A major focus of neuroscientific research in Mainz is the investigation of dynamic processes on multiple levels: from epigenetics, cellular interactions and local neural networks to brain-wide systems and social interaction. In physiological as well as pathophysiological contexts, emergent principles defining the dynamics of the respective level of observation are explored. Of particular importance are longitudinal studies in both animal models and humans. These studies reveal metastable functional states, the understanding of which appears to be crucial for the development of system-driven approaches to therapeutic interventions.

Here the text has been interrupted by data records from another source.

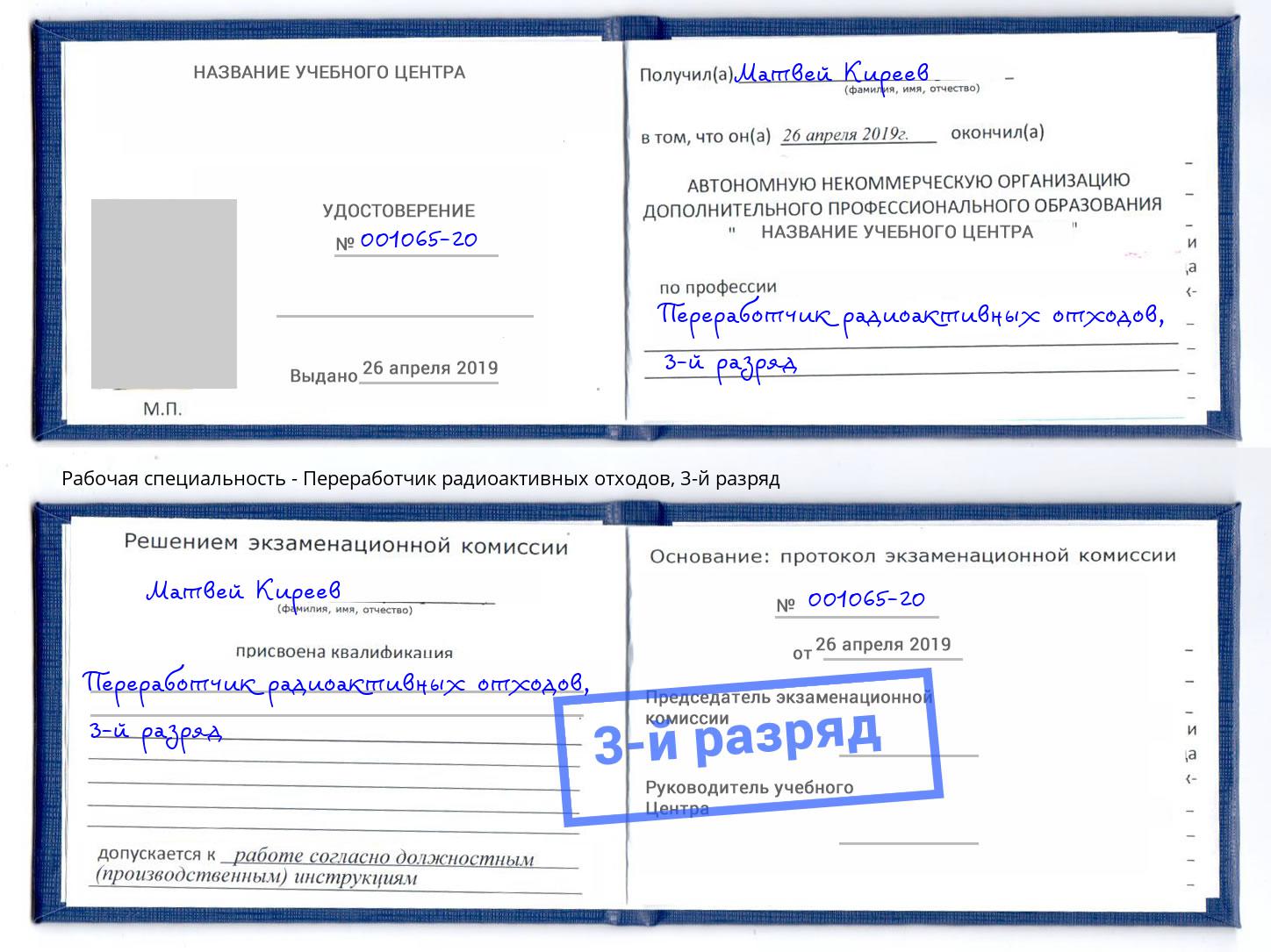 корочка 3-й разряд Переработчик радиоактивных отходов Шали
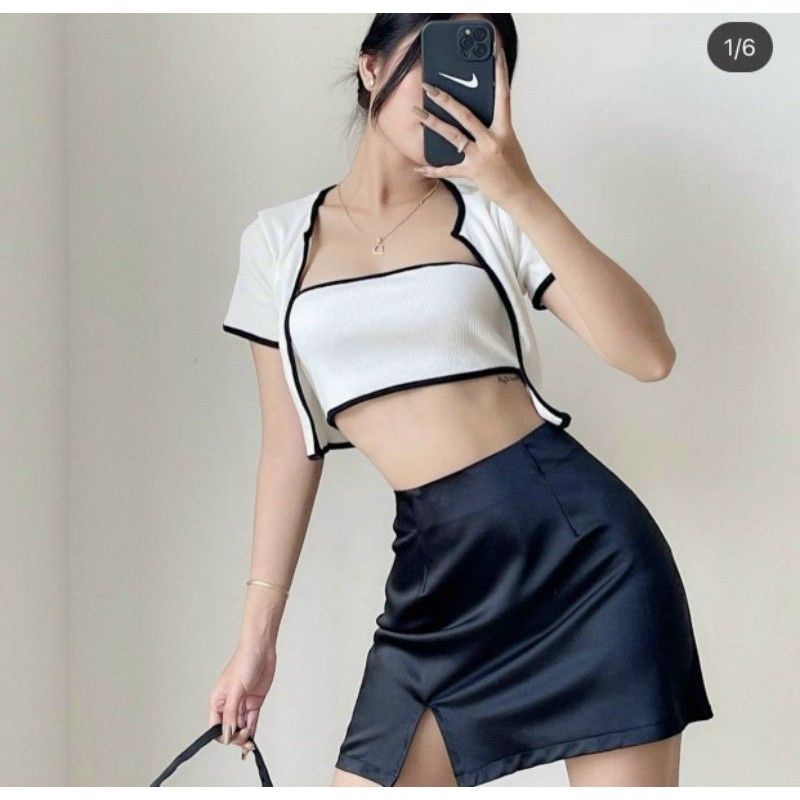 Áo croptop gân kèm áo ống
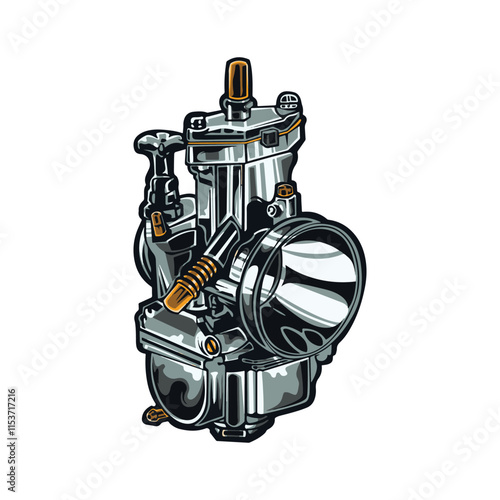 carburetor motorcycle spare parts vector digital image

It is precisely the multidimensionality and longitudinal nature of these approaches that creates a completely new class of data of unprecedented complexity. Classical hypothesis-driven approaches to the analysis of these data reach their limits here. We have to break new ground towards a data-driven system analysis, only in this way can the full potential of these approaches be exploited.
Significant expertise in data-driven systems analysis, from machine learning to systems theory, already exists in the neuroscience working groups at JGU, the University Medical School and the Leibniz Institute of Resilience Research. However, this individual expertise is currently limited to the respective research area. In order to overcome dimensional boundaries and to explore new, causally explored system principles, it is necessary to bundle and strengthen these individual areas of expertise.
The Initiative for Systems Analysis in Neuroscience (ISyN) at the LIR is intended to provide a focal point for cross-scale systems theoretical and data-driven concepts in the neurosciences.
For this purpose, three methodological pillars that penetrate the scales will be established: The first pillar is systems theory. The stability of dynamic functional states will be investigated at all levels of observation (genes, cells, networks, behaviour) as well as between the levels of observation. Emergent pathophysiological “brain states” in neurodegenerative and neurological diseases are given as examples. The second pillar consists of data-driven “machine learning” approaches. Using an appropriate algorithm, condition-determining variables are extracted from the flood of multidimensional data sets, which elude conventional hypothesis-driven approaches, also vertically through all levels. The third pillar represents the real-time intervention. Data-driven classifiers are used to reduce the complexity of data flows, which then allow for a real-time recording of the neural functional state. This in turn enables causal intervention, which has an effect on the neuronal system in the sense of a “closed loop”. An example of this are combined EEG-TMS approaches.
However, following the idea of the highly successful research focus on translational neuroscience (ftn), a separation between more basic scientific approaches, which work on animal models or cellular systems, and human scientific approaches is deliberately avoided. This prevents a “translational roadblock” in the germ.
In ISyN, the individual expertise of the research groups will be combined, and new concepts of method training and interaction of neuroscientists at all levels of education will be achieved. The instrument of the “SystemsClub” is to be initiated, which will focus on the exchange and training of the scientists carrying out the projects, especially at doctoral and postdoc level. In many cases, system-theoretical and data-driven methods are generic and can be applied to different questions by incorporating the relevant expert knowledge from the various areas of neuroscientific research. For this purpose, a series of seminars and method courses will make systems analysis comprehensible and applicable to a broad basis of neuroscientific research groups.
ISyN, established at the LIR, is also intended to be the link between new systems analysis cooperations with university and non-university partners.
All in all, the innovative, synergetic ISyN has the potential to have a considerable impact beyond the classical limitations of individual disciplines of neuroscience.